Bolaji O Mofikoya1, Abdulwahab Ajani2, Andrew O Ugburo1, Omotayo Olusoga3

1. Burns, Plastic and Hand rehabilitation unit , Department of Surgery, College of Medicine,University of Lagos , Lagos Nigeria

2. Burns and Plastic Unit,Department of Surgery, Lagos State College of Medicine, Ikeja , Lagos , Nigeria

3. Burns, Plastic and Hand rehabilitation unit , Department of Surgery, Lagos University Teaching Hospital,Idiaraba, Nigeria


Abstract

Background: Hand infections in diabetics can be a major cause of functional impairment .In patients with Tropical Diabetic hand syndrome prompt surgical intervention may salvage the hand, but return to premorbid function remain a challenge.

Objectives 

A retrospective study of consecutive diabetic patients with hand infections was done in 2 tertiary institutions in Lagos,Nigeria to identify the epidemiology, modes of presentation, types of surgical intervention and outcomes of treatment.

Results 

Twenty one patients were studied over a 5 year period. ten males, eleven females .All were type 2 Diabetes. 52.4%(11) were diagnosed less than a year prior to presentation. 61.9%(13) had digit/hand gangrene on presentation. All operated patients (20) had wound debridements. 52.5% (11) digit/hand amputations and this was the commonest surgical procedures done. Other surgeries done include skin grafts and `flap reconstructions. There was a 19% mortality rate. Less than a fifth were able return to their premorbid occupation after 3 months. But all had reduced range of motion in the interphalangeal joints in the adjacent digits.

Conclusions

There is a high morbidity rate for hand infections in the diabetic, even though majority of the hands were salvaged, most patients were unable to return to their premorbid occupation at 3 months.
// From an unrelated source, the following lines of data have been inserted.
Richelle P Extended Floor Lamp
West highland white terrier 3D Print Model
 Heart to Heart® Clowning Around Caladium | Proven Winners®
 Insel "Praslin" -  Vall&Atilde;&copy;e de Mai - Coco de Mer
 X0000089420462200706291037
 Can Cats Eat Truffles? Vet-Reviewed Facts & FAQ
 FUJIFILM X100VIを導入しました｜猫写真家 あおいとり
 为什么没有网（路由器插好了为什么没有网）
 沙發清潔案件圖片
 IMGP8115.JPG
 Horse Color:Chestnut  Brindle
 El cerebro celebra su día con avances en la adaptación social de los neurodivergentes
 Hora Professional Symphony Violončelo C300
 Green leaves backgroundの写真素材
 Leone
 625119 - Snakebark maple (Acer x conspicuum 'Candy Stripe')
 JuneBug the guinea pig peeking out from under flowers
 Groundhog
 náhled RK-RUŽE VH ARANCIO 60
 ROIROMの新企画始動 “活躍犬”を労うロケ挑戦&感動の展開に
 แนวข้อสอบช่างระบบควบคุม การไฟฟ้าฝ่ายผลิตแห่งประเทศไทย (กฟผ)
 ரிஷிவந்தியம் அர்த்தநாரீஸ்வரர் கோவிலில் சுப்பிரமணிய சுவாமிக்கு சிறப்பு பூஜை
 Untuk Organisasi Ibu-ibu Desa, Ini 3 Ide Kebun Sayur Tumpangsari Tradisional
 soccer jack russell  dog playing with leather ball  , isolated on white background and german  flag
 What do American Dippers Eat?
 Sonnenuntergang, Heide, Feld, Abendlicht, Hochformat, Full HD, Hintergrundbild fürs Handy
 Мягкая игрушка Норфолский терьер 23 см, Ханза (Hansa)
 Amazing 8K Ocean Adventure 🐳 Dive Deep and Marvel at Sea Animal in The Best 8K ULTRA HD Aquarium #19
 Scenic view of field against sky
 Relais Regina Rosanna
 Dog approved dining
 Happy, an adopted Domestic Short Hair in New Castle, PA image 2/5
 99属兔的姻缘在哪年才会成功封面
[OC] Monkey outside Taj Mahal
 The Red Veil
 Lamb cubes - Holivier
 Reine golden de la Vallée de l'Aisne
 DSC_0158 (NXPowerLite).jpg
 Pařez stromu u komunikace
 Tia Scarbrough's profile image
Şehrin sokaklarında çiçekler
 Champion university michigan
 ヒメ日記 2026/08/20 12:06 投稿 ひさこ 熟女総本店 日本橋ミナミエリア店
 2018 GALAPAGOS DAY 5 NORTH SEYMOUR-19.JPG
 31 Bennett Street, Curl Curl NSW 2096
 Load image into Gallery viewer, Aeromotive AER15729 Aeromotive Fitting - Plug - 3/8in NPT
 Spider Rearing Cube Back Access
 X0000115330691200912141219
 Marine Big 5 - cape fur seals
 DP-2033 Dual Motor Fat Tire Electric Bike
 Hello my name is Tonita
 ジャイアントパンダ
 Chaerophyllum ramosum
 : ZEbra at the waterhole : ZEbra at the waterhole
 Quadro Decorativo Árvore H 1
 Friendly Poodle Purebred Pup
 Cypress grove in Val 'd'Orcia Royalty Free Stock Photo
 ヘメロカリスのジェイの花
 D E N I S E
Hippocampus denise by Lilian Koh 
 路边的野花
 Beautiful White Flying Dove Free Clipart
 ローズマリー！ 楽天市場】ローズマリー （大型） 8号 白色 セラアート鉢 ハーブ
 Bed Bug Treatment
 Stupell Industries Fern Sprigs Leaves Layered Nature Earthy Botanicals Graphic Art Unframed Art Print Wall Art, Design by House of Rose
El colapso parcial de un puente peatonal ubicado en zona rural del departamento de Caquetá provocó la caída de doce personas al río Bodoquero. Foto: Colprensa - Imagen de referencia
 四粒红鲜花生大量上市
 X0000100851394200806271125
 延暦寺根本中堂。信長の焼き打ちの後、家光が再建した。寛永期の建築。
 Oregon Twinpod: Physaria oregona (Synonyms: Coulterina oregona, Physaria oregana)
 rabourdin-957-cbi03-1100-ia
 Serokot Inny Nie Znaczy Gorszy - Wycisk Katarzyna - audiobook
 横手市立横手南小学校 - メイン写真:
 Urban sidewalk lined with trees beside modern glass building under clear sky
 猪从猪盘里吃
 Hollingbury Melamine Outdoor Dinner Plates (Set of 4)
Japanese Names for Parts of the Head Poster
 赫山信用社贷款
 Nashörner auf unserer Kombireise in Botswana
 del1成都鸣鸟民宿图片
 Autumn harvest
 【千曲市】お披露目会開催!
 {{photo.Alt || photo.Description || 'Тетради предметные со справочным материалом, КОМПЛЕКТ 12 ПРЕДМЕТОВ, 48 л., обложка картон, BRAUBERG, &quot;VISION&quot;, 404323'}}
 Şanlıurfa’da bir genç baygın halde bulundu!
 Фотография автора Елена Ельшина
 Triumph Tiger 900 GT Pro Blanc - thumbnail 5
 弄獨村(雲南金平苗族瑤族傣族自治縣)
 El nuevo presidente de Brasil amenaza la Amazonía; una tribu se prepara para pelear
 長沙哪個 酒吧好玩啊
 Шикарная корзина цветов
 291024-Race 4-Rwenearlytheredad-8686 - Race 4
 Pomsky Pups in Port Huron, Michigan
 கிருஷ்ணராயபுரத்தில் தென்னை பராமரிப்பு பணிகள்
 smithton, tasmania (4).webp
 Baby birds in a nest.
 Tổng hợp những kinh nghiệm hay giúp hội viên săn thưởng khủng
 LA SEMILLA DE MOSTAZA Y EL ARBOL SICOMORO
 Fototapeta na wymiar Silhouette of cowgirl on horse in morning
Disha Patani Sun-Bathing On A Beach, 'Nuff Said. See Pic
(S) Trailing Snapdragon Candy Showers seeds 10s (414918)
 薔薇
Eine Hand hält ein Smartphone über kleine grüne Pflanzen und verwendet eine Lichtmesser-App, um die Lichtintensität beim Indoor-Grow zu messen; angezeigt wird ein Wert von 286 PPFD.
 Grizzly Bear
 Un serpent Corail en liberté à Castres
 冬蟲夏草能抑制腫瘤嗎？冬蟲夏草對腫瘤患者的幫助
© 2019 The College of Medicine and the Medical Association of Malawi. This work is licensed under the Creative Commons Attribution 4.0 International License. This is an open access article under the CC BY-NC-ND license (http://creativecommons.org/licenses/by-nc-nd/4.0/)


Introduction

The World Health Organization (WHO) estimates that approximately 400 million people worldwide suffer from diabetes mellitus1. Over the last few decades, there has been an increasing incidence of severe hand infections in many diabetic patients2. These infections vary from localized septic lesions in a digit to fulminant limb gangrene with potentially fatal outcomes. Furthermore, it is now very common for many patients in the tropics to suffer the sequelae of severe hand impairments, including long-term morbidity.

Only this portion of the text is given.